Pemimpin sayap kiri itu unggul di beberapa kawasan miskin dan pedesaan. Dari hasil penghitungan sementara, Humala meraih 50,1 persen suara atau unggul 20 ribu suara dari putri bekas pemimpin Peru, Alberto Fujimori, yang kini mendekam dalam penjara karena tuduhan korupsi.
Perhitungan tiga lembaga survei dan penghitungan cepat menunjukkan Humala memenangkan pemilihan presiden. Meski demikian, para pengamat mengatakan masih terlalu dini untuk menyatakan Humala memenangkan pemilihan ini.
"Dari hasil hitungan cepat, informasi yang masuk menunjukkan kita memenangkan pemilihan presiden," ujar Humala kepada para pendukungnya yang berkumpul di sebuah hotel di ibu kota Lima, Ahad malam.
"Kami siap membangun Peru untuk semua orang," tambahnya.
Kemenangan sementara ini tak pelak disambut suka cita 5000 penyokongnya dengan mengibar-kibarkan kain warna merah dan putih, bendera Peru, serta spanduk warna-warni di ibu kota Lima.
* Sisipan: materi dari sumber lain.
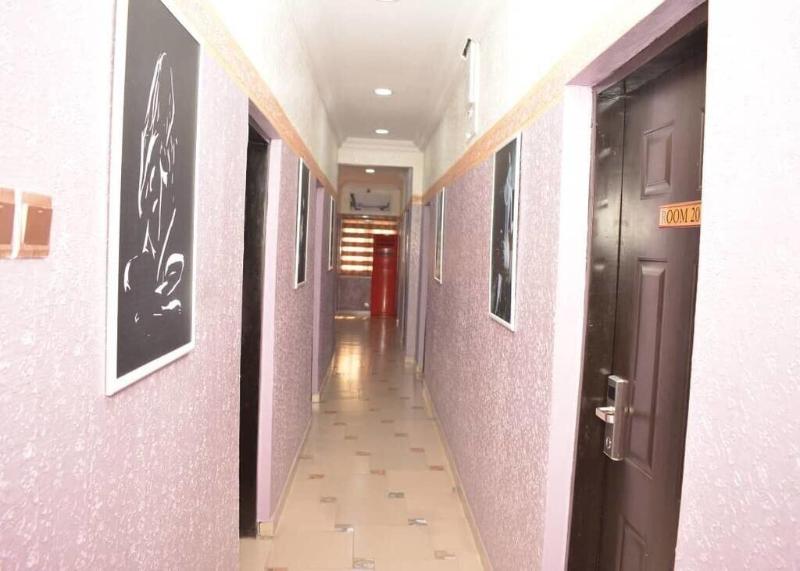 Rush Hotel image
Beberapa di antaranya menari-nari kegirangan seraya meneriakkan yel-yel "Humala Presiden, mampus Fujimori!"
Spanduk besar nampak di mana-mana bertuliskan, "Lupakan Fujimori!", "Tak Ada Lagi Fujimori!"
Kendati Komisi Pemilihan Umum belum menetapkan hasil akhir pemilihan, pesta kemenangan pendukung Humala tak hanya digelar di ibu kota negara, melainkan juga di hampir seluruh pelosok Peru. Bahkan, pesta kemenangan itu sempat menimbulkan insiden pembakaran patung Fujimori.
Peru merupakan negara eksportir mineral nomor wahid di dunia. Pertumbuhan ekonomi negeri di Amerika Latin ini sangat cepat dalam beberapa dekade, namun sebagian rakyat Peru masih hidup di bawah garis kemiskinan.
Humala, dalam kampanye pemilihan presiden, mengusung isu soal ekonomi. Dia berjanji negara akan mengontrol seluruh sumber ekonomi meskipun hal tersebut membuat investor asing ketar-ketir.
Isu nasionalisasi ekonomi ternyata sangat menarik rakyat Peru yang hidup papa. Salah satunya adalah Dominque Pedrex, seorang karyawan restoran di sebuah hotel. Pria 48 tahun itu dikenal sebagai antikapitalis, namun cukup moderat. Dia pernah mencalonkan dalam pemilihan presiden 2006 namun terjungkal.
"Bagi Ollanta, tak ada kaya atau miskin, tua atau muda, kami semua setara," kata Dominque Pedrex, 30 tahun, karyawan restoran.
"Atasanku tak akan memaksakan lagi aku harus bekerja 12 jam sehari. Akan ada keadilan bagiku dan ini yang dibutuhkan oleh kaum miskin," ujarnya.